Task goal: A picture-free, exact copy of all the records below is the goal.

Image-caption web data
┏━━
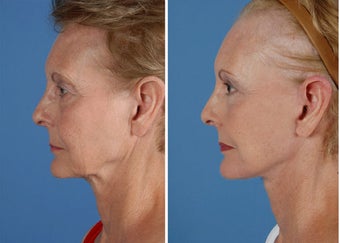 Facelift, browlift, upper and lower eyelids, laser before 253954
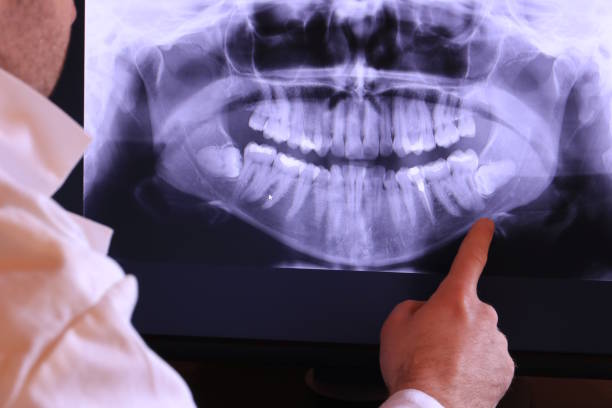 Best Walk-In Emergency Dentist in Walnut Grove, CA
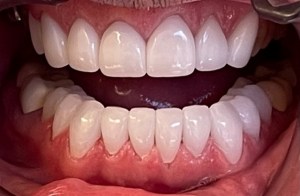 after teeth whitening and dental work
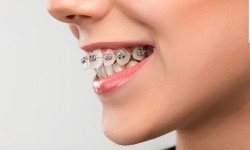 Finding Top Quality Dental Implants Near You: Your Go-To Guide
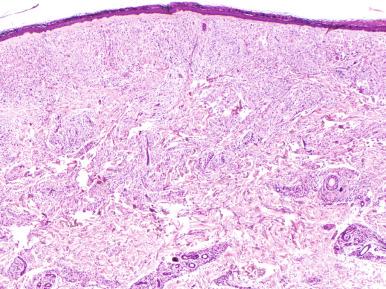 Figure 20.12, Lepromatous leprosy.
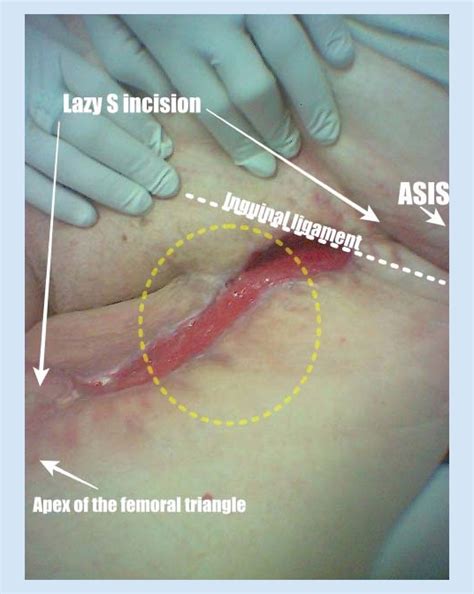 Laparoscopically Assisted Ilio Inguinal Lymph Node Dissection Versus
┗━━
Answer to the problem:
 Facelift, browlift, upper and lower eyelids, laser before 253954
 Best Walk-In Emergency Dentist in Walnut Grove, CA
 after teeth whitening and dental work
 Finding Top Quality Dental Implants Near You: Your Go-To Guide
 Figure 20.12, Lepromatous leprosy.
 Laparoscopically Assisted Ilio Inguinal Lymph Node Dissection Versus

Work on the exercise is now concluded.